Problem: Count how many lines of the data include the string "Preview", then say that number and stop.

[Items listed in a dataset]

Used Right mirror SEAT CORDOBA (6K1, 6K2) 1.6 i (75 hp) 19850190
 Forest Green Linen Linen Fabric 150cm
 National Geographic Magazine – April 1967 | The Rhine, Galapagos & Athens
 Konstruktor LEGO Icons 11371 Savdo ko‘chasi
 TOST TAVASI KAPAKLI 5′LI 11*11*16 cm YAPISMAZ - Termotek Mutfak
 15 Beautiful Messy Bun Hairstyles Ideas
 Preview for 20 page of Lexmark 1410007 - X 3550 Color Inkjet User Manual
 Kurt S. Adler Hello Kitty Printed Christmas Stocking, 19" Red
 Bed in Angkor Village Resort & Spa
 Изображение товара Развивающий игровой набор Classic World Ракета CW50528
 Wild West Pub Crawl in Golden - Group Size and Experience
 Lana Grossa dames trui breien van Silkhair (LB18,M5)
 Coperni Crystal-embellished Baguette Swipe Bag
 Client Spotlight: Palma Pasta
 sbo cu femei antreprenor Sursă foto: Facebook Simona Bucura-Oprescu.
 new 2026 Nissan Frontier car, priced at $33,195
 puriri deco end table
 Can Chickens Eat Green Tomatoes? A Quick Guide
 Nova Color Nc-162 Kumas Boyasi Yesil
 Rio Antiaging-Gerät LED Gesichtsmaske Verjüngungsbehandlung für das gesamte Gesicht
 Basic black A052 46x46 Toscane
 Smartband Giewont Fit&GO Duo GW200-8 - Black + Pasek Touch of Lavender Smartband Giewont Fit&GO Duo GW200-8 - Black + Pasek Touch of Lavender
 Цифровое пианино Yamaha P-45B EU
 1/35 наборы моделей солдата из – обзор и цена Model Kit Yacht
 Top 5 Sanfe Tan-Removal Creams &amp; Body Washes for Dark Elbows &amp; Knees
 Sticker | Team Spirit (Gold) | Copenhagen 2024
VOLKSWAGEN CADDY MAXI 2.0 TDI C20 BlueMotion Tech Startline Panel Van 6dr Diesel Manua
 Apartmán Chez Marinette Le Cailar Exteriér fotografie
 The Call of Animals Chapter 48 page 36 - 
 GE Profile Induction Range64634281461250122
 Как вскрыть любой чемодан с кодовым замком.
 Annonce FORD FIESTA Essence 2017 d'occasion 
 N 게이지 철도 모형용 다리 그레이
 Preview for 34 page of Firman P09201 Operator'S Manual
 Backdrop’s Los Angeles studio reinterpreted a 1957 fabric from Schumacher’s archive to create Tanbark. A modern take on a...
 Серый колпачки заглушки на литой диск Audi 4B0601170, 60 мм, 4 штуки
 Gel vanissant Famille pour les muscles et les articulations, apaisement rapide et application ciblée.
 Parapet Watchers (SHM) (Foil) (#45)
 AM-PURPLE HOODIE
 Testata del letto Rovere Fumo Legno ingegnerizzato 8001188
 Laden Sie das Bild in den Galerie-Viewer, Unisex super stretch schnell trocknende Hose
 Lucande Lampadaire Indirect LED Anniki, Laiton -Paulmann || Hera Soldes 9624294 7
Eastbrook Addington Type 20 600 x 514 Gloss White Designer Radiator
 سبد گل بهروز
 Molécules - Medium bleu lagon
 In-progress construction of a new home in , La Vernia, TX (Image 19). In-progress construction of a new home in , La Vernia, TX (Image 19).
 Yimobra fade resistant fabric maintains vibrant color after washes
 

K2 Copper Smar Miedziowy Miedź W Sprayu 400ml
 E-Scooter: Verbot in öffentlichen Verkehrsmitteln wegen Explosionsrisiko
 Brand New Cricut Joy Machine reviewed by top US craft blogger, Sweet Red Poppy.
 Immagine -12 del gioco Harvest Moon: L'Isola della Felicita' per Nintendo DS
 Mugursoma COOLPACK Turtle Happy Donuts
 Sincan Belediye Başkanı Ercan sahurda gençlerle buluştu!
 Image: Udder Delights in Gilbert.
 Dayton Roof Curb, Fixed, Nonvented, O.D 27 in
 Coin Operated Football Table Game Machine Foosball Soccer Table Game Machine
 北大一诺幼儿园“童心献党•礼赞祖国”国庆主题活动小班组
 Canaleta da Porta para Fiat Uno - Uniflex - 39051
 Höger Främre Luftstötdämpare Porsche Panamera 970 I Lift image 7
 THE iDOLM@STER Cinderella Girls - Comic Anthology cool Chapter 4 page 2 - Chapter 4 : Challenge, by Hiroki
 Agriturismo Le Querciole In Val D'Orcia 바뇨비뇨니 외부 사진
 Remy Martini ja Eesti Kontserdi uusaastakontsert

Exercise result: 2